Св. Августин (354-430 гг.) родился в г. Тагасте, в Африке. Он был, как пишет Трубецкой "сын развратного африканца-язычника и христианской святой", почитаем как "пророк и предтеча средневекового католичества" (Е.Н.Трубецкой[189]), привел впервые в систему всю совокупность верований христианства (Брокгауз), считается родоначальником схоластики (Философская энциклопедия) Трубецкой писал об Августине: "…он не вполне преодолел в себе манихейский дуализм, и единство, которое он противопоставляет последователям Манеса, есть единство насильственное, внешнее. Последнее обстоятельство имело неисчислимые последствия не только для самого Августина, но и для всей той западной формы христианства, которой он был родоначальником и основателем: Индивидуальной свободе он противопоставляет насилие благодати: Божественное единство: Но это – не свободное единство, в котором свободное Божество вступает в союз со свободной тварью, а единство абстрактное, в котором Бог лишь внешним образом господствует над миром, единство принудительное, насильственное"[190].
В период его манихейства, об Августине уважаемый церковью о.Вентура пишет: "...он оставался бедным, малым, темным, бесплодным и ничего не писал, не совершал ничего действительно великого и полезного". Каким он был в период манихейства на самом деле, мы оставим судить отцу Вентуре. Но то, что его вступление в христианство принесло вражду между богословием и наукой, это вне всякого сомнения.

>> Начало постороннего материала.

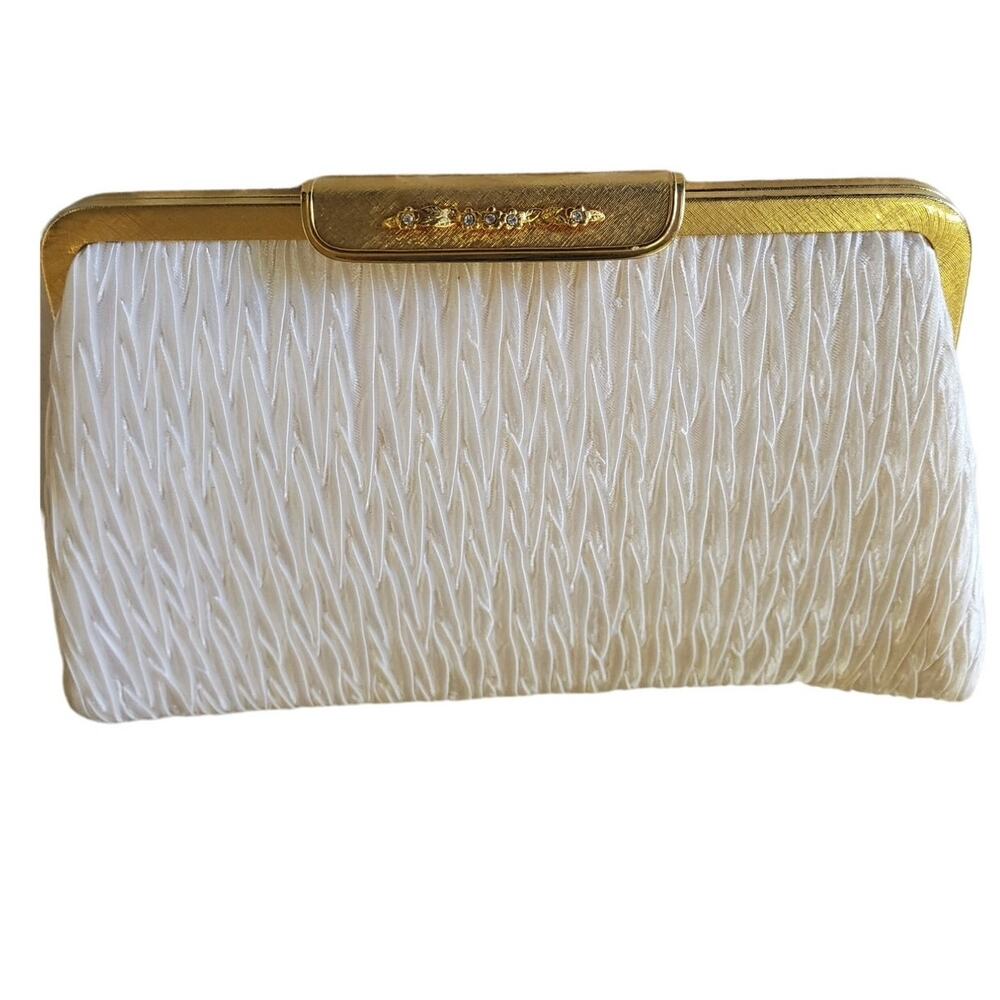 Vintage La Regale Ivory Evening Purse Satin Lining Clutch Cocktail Wedding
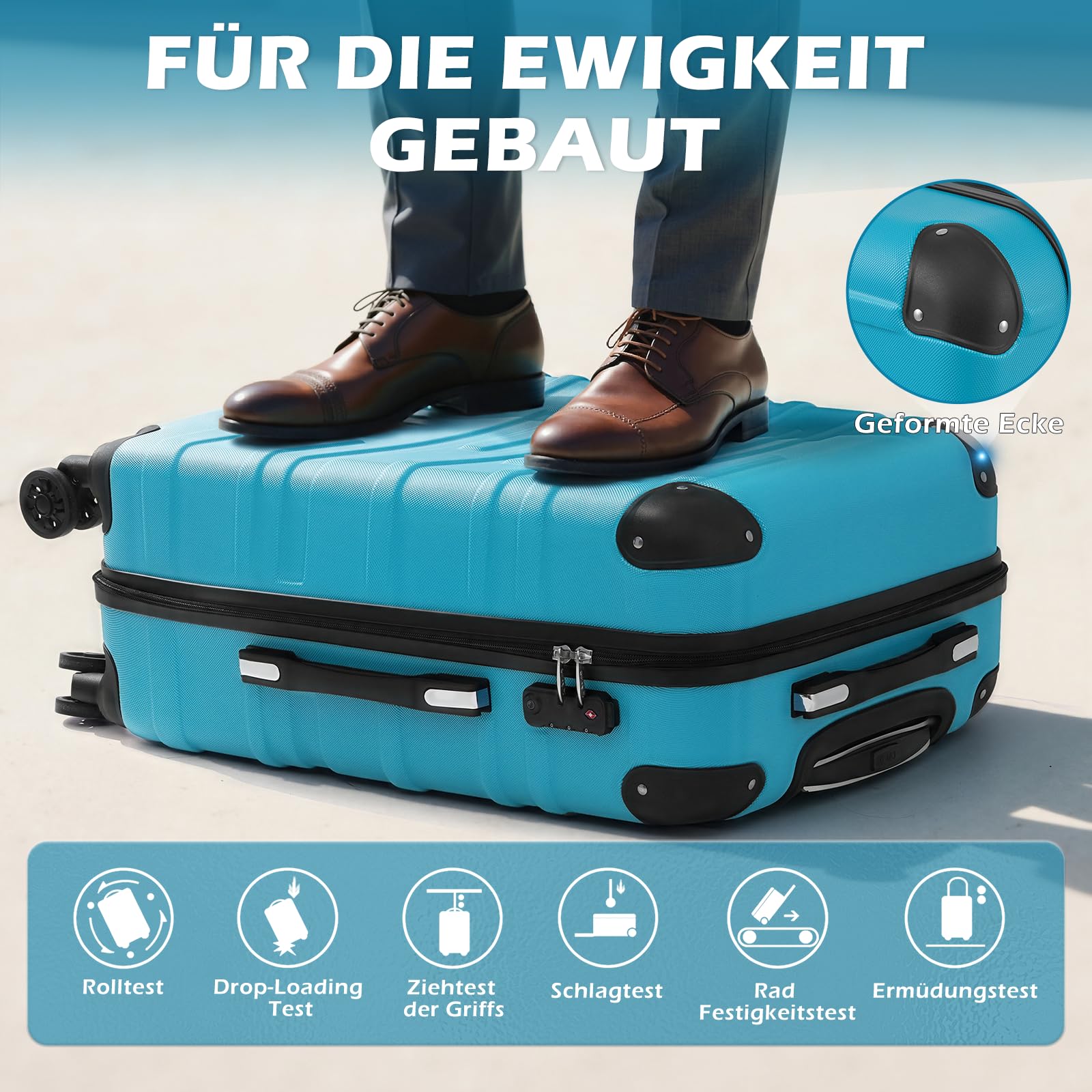 COOLIFE Hartschalen-Koffer Rollkoffer Reisekoffer Vergrößerbares Gepäck ABS TSA-Schloss 4 Rollen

Будучи вынужденным признаться, что "возможно, в учениях язычников есть кое-что и божественное, и истинное", он, тем не менее, заявил, что их за суеверие, идолопоклонство и гордость следует "ненавидеть, и если они не исправятся, – наказывать божественным судом". Известный ученый, философ, автор многочисленных трудов по физиологии, химии, физике, а также по истории и философии Джон Уильям Дрейпер говорит: "Никто не сделал больше, чем этот Отец для того, чтобы создать антагонизм между наукой и религией; главным образом, это был он, кто отвел "Библию" в сторону от ее истинного назначения – быть руководством в чистоте жизни – и поставил ее в опасное положение быть судьею человеческих познаний, наглым тираном над человеческим умом. Раз пример был показан – недостатка в последователях уже не было; труды греческих философов были заклеймены как профанические; необыкновенно славные достижения Музея Александрии были упрятаны от взоров облаком невежества, мистицизма..." (History of the conflict between religion and science, 1874, С.62).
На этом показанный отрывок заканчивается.